Blacks in Bondage: Letters of American Slaves, ed., Robert S. Starobin


It is not uncharacteristic in the study of race relations that the catechisms, as instruments of control, revealed more about the thinking of the slaveholding society and its clerical leaders than they did about the slaves.
- Forrest G. Wood, The Arrogance of Faith: Christianity and Race in America from the Colonial Era to the Twentieth

Woodʼs book explodes the myth that most slaves became Christians: figures were closer to 10%, roughly the same percentage of the free population that attended church regularly. Another false legend exposed here is that northern churches aided and encouraged efforts to free the slaves: many abolitionists broke away from the mainstream churches because they would not provide assistance to escaped slaves. Northern churches considered slavery a political issue rather than a moral one so as not to offend their southern affiliates. “Spiritual” music was anything but: Allowed to sing only religious music, slaves often composed songs that were outwardly biblical, but that were actually coded messages for the underground railroad. Subjugation of all “inferior” races was an integral part of Manifest Destiny. The author contends that since the few freethinkers were not organized, they had no say in the slavery issue. His research is incomplete: Thomas Paine almost single-handedly abolished slavery in Pennsylvania, the first state where it was outlawed, in 1780. In fact, when did the other northern churches abolish slavery? You wonʼt find that answer in this book. Most of the material deals with slavery in the United States during the antebellum period, which is probably the authorʼs special field of study. He spends only a few pages on the genocide of the Native Americans, and almost totally ignores slavery in the Spanish settlements.
- John Rush (Austin, Texas) reviewer of Woodʼs book at amazon.com


African slaves were allowed to organize churches as a surrogate for earthly freedom. White churches were organized in order to make certain that the rights of property [including the masterʼs right to own his slave] were respected and that the numerous religious taboos in the New and Old Testaments would be enforced, if necessary, by civil law.

Gore Vidal, “(The Great Unmentionable) Monotheism and its Discontents,” essay


Before the South seceded politically from the North, she seceded religiously. The three largest Christian denominations in the South, the Methodists, Baptists and Presbyterians, seceded from their northern brethren to form separate “Southern” denominations, each founded on the Biblical right (of laymen and ministers) to own slaves.

E.T.B.


The Old School (Presbyterian) General Assembly report of 1845 concluded that slavery was based on “some of the plainest declarations of the Word of God.” Those who took this position were conservative evangelicals. Among their number were the best conservative theologians and exegetes of their day, including, Robert Dabney, James Thornwell and the great Charles Hodge of Princeton—fathers of twentieth century evangelicalism and of the modern expression of the doctrine of Biblical inerrancy. No one can really appreciate how certain these evangelicals were that the Bible endorsed slavery, or of the vehemence of their argumentation unless something from their writings is read.

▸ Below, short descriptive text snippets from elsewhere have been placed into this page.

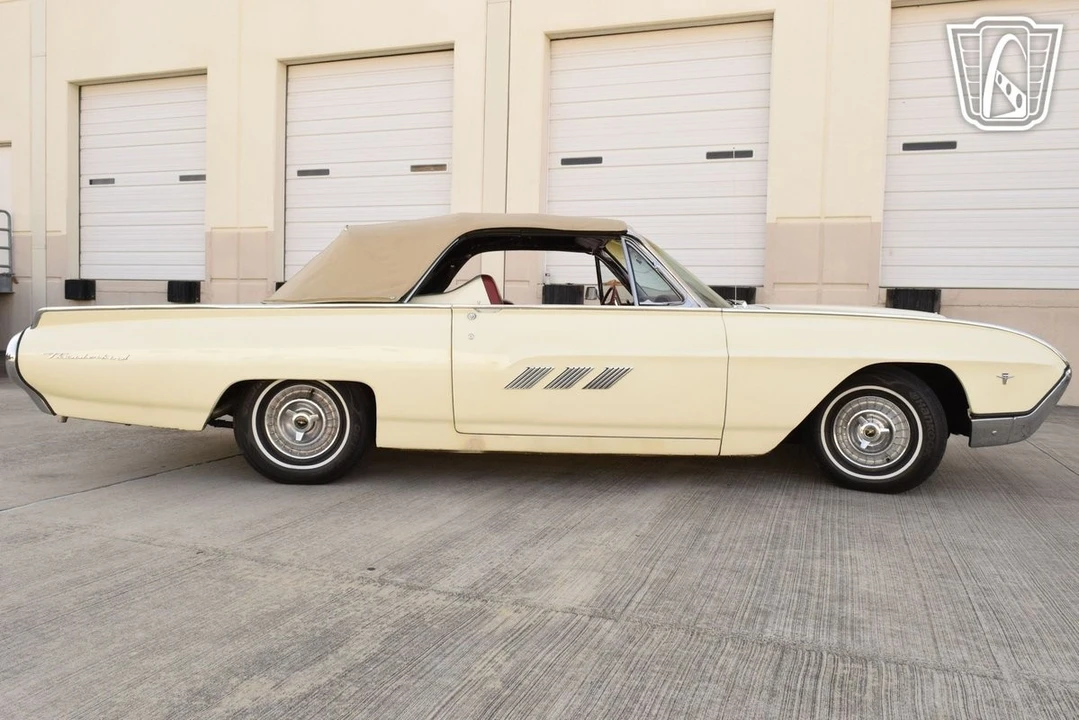 1963 Ford Thunderbird 3rd Gen - Image 20 of 31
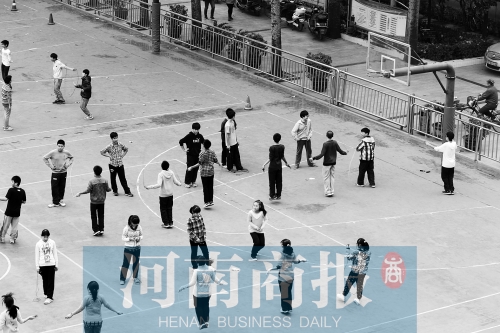 有學(xué)校擔(dān)心，個(gè)人進(jìn)校園鍛煉，安全隱患大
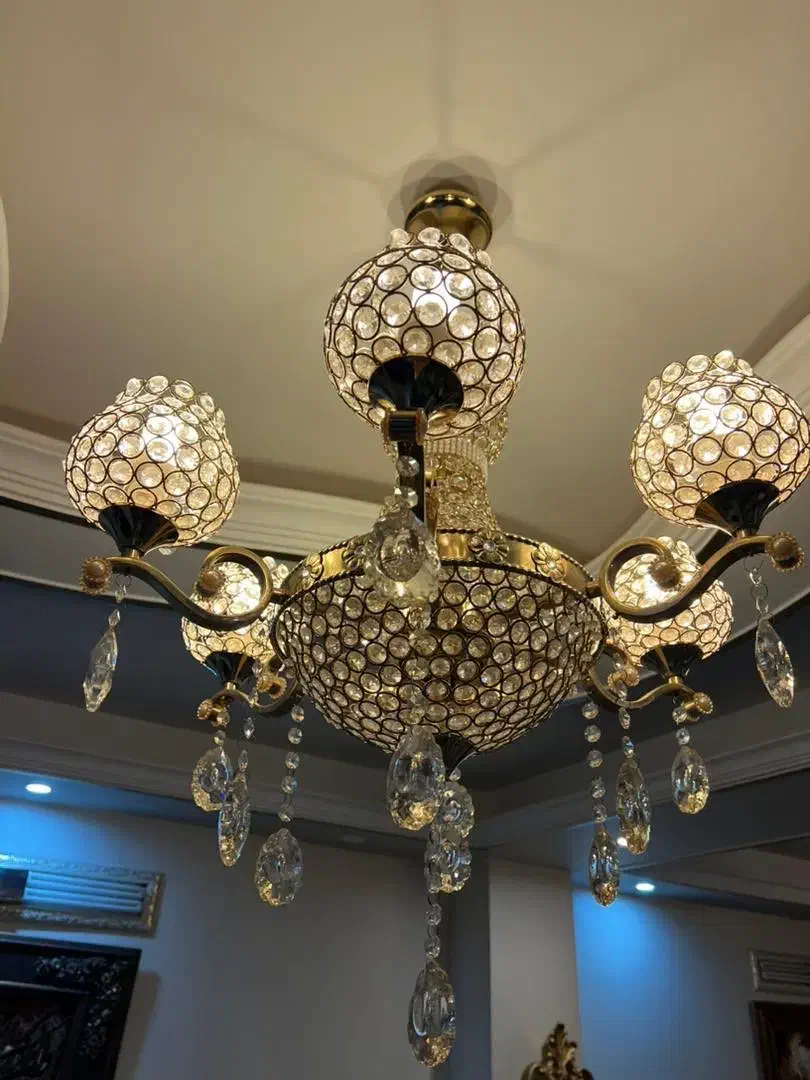 لوستر ۵ شاخه در حد نو|لوستر و چراغ آویز|ری, دیلمان|دیوار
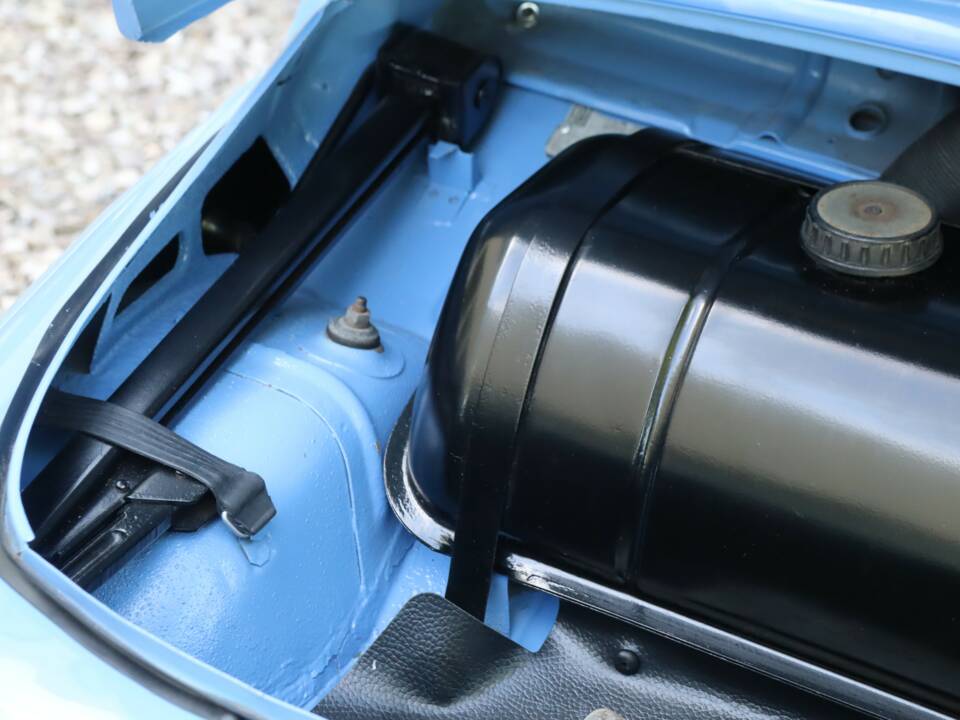 Image 38/50 of FIAT 500 F (1967)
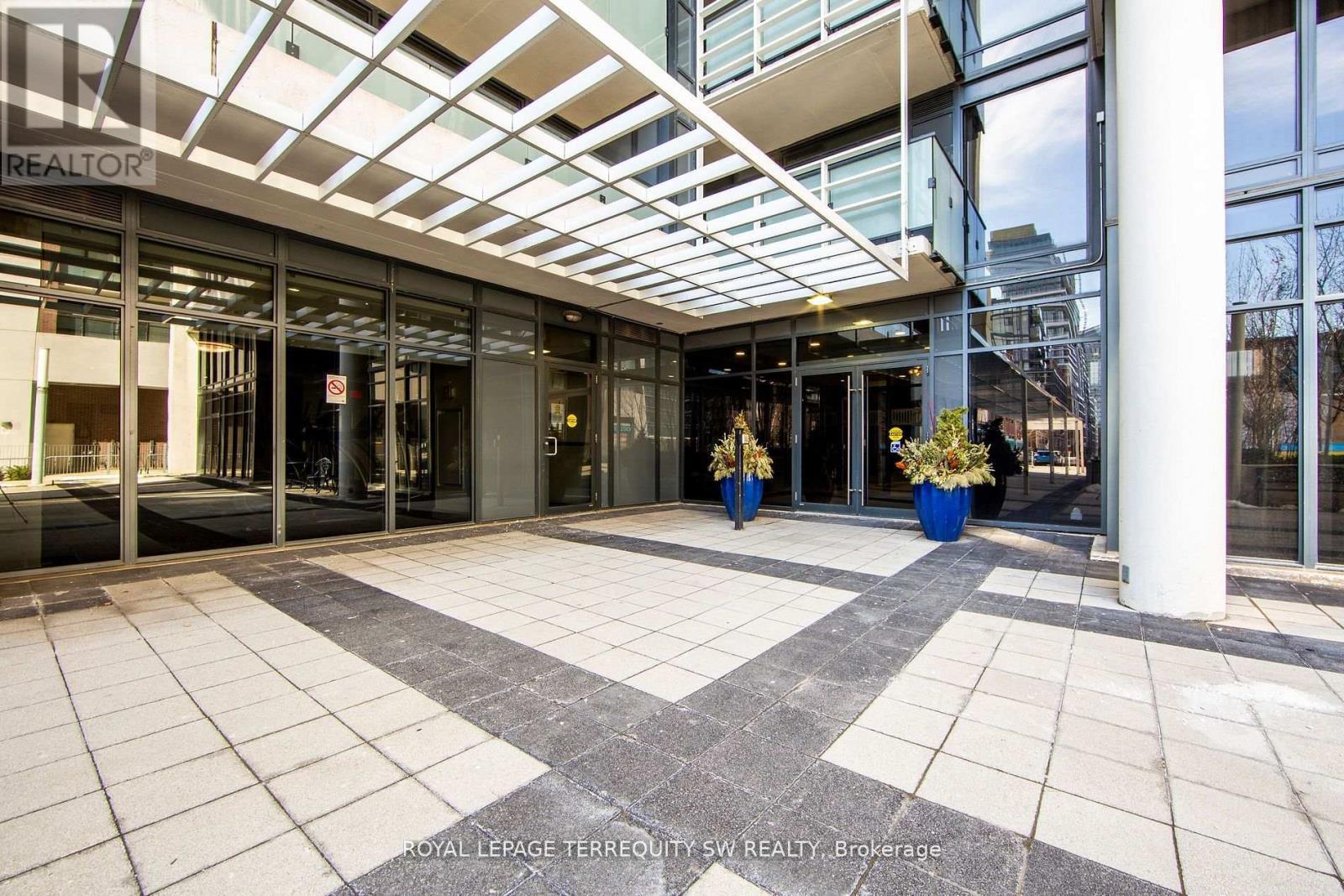 807 - 400 ADELAIDE STREET E, Toronto (Moss Park) — photo 4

Kevin Giles, “The Biblical Argument for Slavery,” The Evangelical Quarterly, Vol. 66, No. 1, 1994


The Clergy Played A Pivotal Role In Promoting Secession

Southern clergymen spoke openly and enthusiastically on behalf of disunion… Denominational groups across the South officially endorsed secession and conferred blessings on the new Southern nation. Influential denominational papers from the Mississippi Baptist to the Southern Episcopalian, the Southern Presbyterian and the South Western Baptist, agreed that secession “must be effected at any cost, regardless of consequences,” and “secession was the only consistent position that Southern freemen or Christians could occupy.” (One amusing anecdote tells how a prominent member of a Southern Presbyterian church told his pastor that he would quit the church if the pastor did not pray for the Union. Unmoved by this threat, the pastor replied that “our church does not believe in praying for the dead!”)

Meanwhile, Northern clergymen blamed their Southern counterparts for “inflaming passions,” “adding a feeling of religious fanaticism” to the secessionist controversy, and also blamed them for being “the strongest obstacle in the way of preserving the Union.” In this way, the Northern clergy contributed to the belief in an irrepressible conflict, and aroused the same kind of political passions they were condemning in their Southern brethren.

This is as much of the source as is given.